◆ Exercise directions
Under this line are the records; repeat exactly the lines starting at the one containing "Cellularline Book - capa" and ending at the one containing "Aerodynamic Universal Rear Bumper Lip", omitting pictures.

◆ Available data
^^^^^^^^
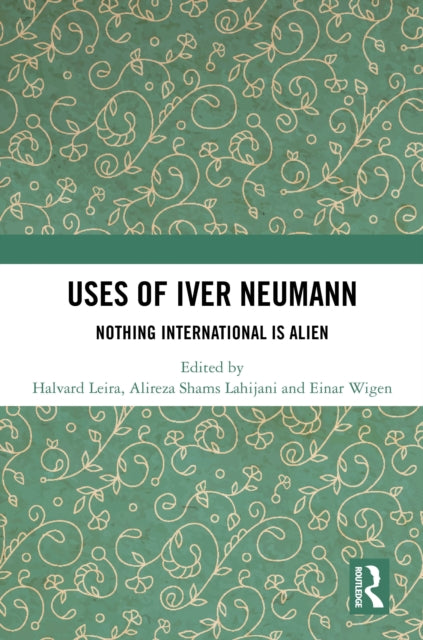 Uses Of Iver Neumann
^^^^^^^^
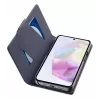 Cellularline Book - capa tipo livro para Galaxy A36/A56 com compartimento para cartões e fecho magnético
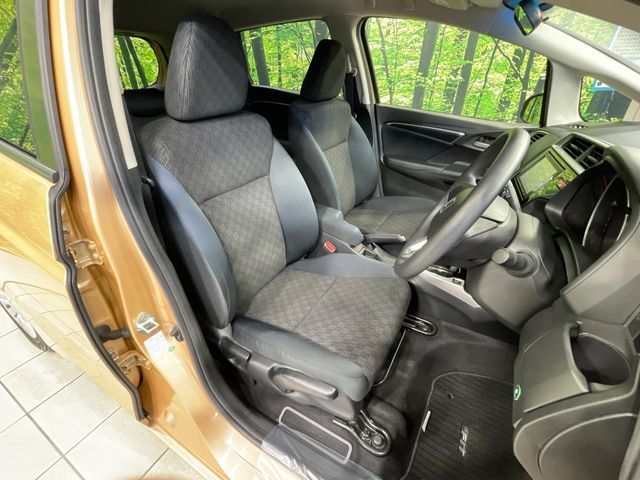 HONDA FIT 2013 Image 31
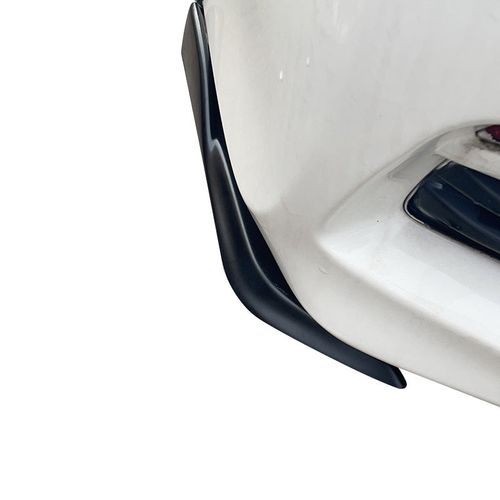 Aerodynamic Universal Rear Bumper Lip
^^^^^^^^
◆ Written reply
 Cellularline Book - capa tipo livro para Galaxy A36/A56 com compartimento para cartões e fecho magnético
 HONDA FIT 2013 Image 31
 Aerodynamic Universal Rear Bumper Lip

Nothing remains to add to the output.